_Task details_. Your task is to return all the entries below exactly, with every picture omitted.

[Data to process Boundary: Start]

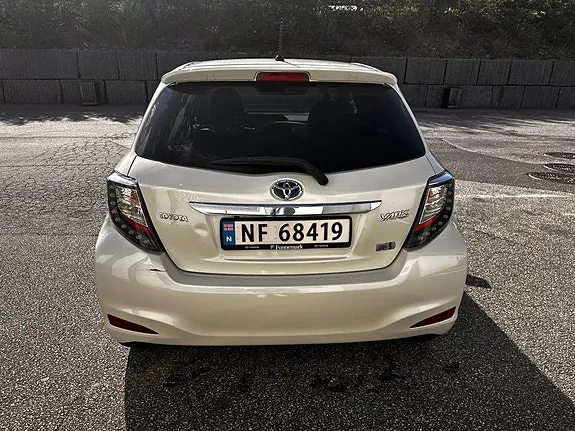 Toyota Yaris 2014 photo 5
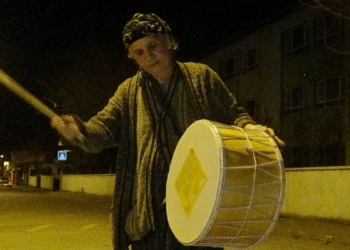 Davulcu teyze, Aydınlıları sahura kaldırıyor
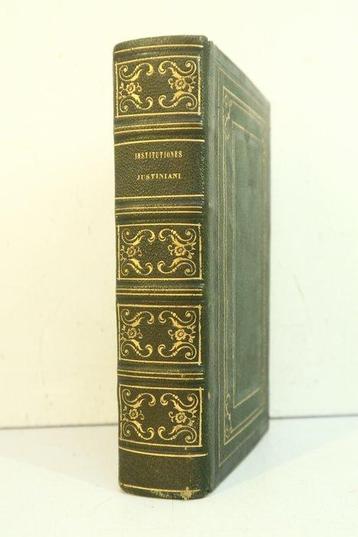 Justinien ; Arnold Vinnius ; [Elzévir] - Justiniani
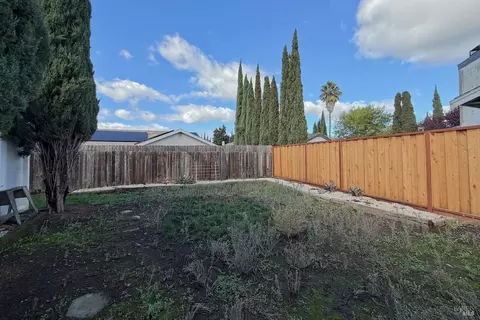 2725 Teton Ln, Fairfield, CA 94533 photo 31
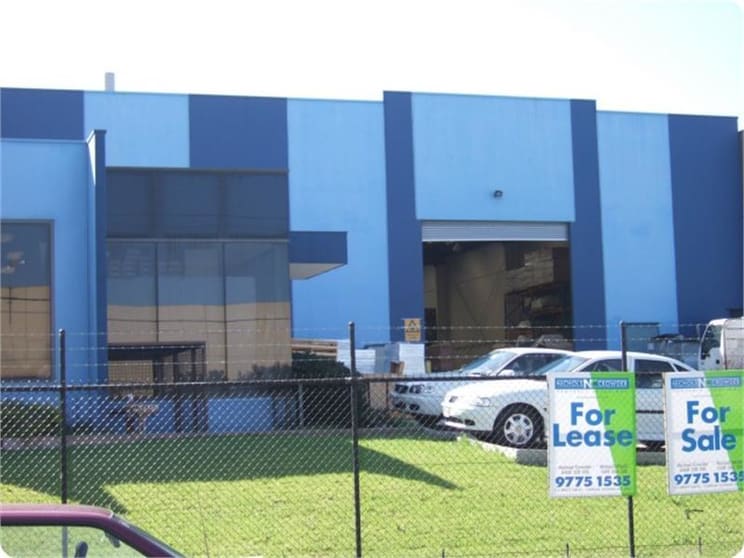 Click to view all images 16 Sonia Street Carrum Downs VIC 3201 - Image 1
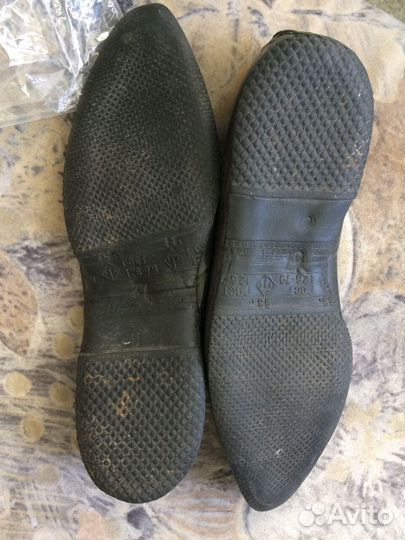 Галоши б/у, восточные,СССР одна пара-торг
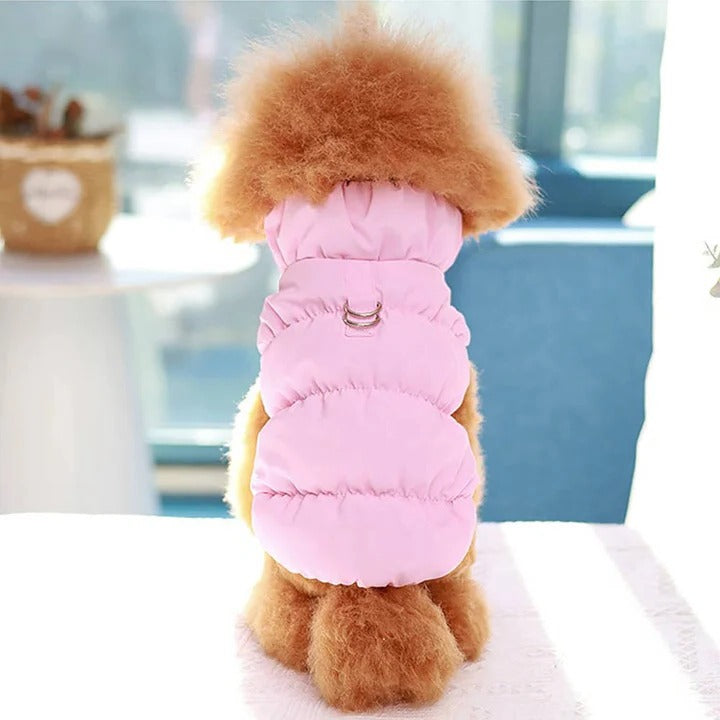Gevoerde winterjas voor honden met riemring en hoge kraag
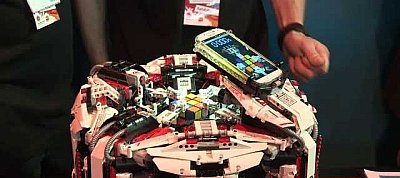 Megdöntötte a Rubik kocka kirakásának világrekordját a Lego-ból épített robot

[Data to process Boundary: End]

_Result of this exercise_.
 Toyota Yaris 2014 photo 5
 Davulcu teyze, Aydınlıları sahura kaldırıyor
 Justinien ; Arnold Vinnius ; [Elzévir] - Justiniani
 2725 Teton Ln, Fairfield, CA 94533 photo 31
 Click to view all images 16 Sonia Street Carrum Downs VIC 3201 - Image 1
 Галоши б/у, восточные,СССР одна пара-торг
Gevoerde winterjas voor honden met riemring en hoge kraag
 Megdöntötte a Rubik kocka kirakásának világrekordját a Lego-ból épített robot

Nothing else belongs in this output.